Why It matters: The Interest Rate connection
The decline in CRE transaction volume is deeply intertwined with interest rate policy. After a period of momentum following the pandemic, the market has faced headwinds. Persistently high interest rates and ongoing economic and policy uncertainty are creating a stalemate between buyers and sellers, lengthening the U-shaped recovery from 2023 lows.
sector Performance: Industrial and Multifamily Lead
Within the top 50 CRE deals tracked by Moody’s, industrial and multifamily properties led the way. Further details on specific sector performance are needed to fully understand the nuances of the market shift.

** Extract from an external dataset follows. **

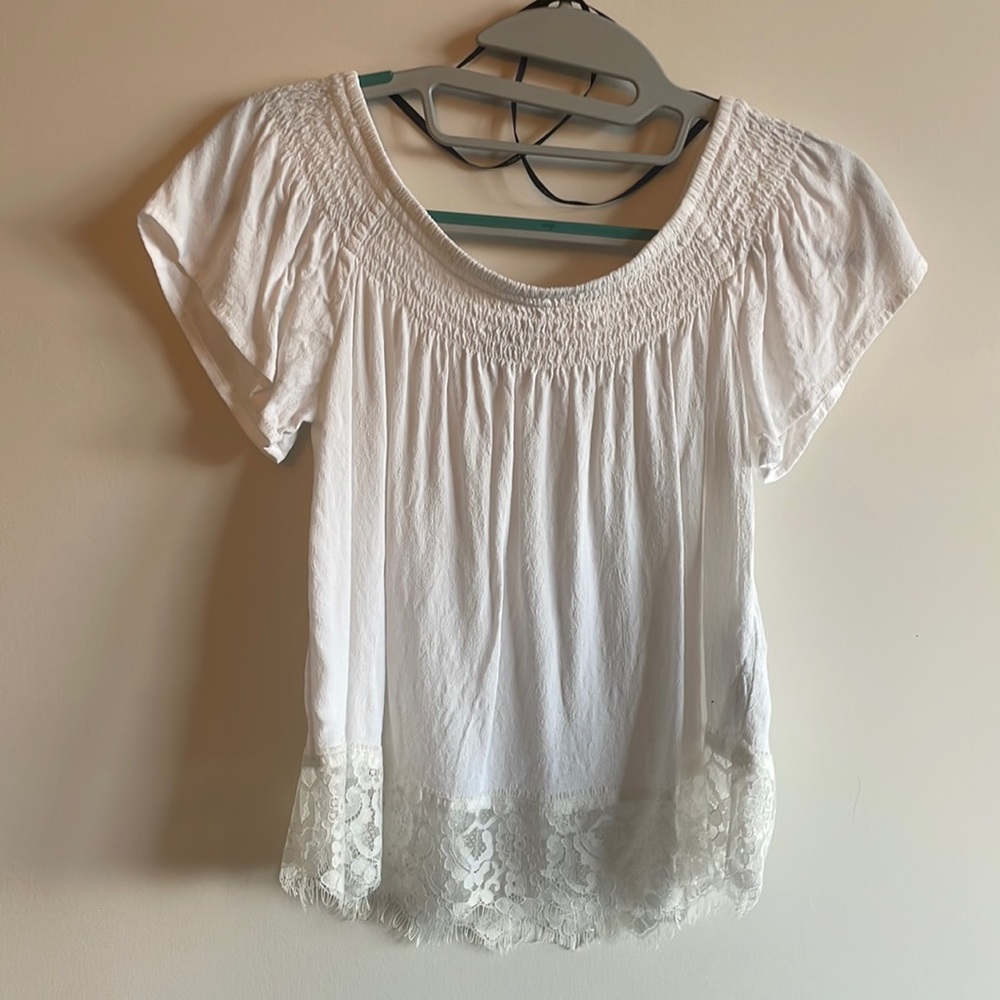 🩵3for$10 Summery forever 21 top Fairycore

Data Snapshot: Top 50 CRE Sales
| Metric | October 2025 | October 2019 |
|---|---|---|
| Total sales Volume | $24.4 Billion | $34.86 Billion (approx.) |
| Year-over-Year Growth | Negative | N/A |
Who is Affected?
The slowdown impacts a wide range of stakeholders:
- Investors: Both institutional and individual investors face challenges in finding profitable opportunities.

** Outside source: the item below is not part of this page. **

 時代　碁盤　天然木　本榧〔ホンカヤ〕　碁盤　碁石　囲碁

- Sellers: May need to adjust pricing expectations or delay sales.
- Lenders: Increased risk of loan defaults and reduced lending activity.
- Developers: Potential delays or cancellations of new projects.
Timeline of the Recovery
* Early 2024: CRE transaction volume began to recover following the Federal Reserve’s rate hikes.
* Late 2024: Deal volume approached pre-COVID levels.
* October 2025: First month of negative year-over-year transaction volume growth.
frequently Asked Questions
Next steps & outlook
The market is likely to remain in a stalemate until there is greater clarity on the future path of interest rates and economic conditions.Monitoring Moody’s data and other market indicators will be crucial for investors and industry professionals.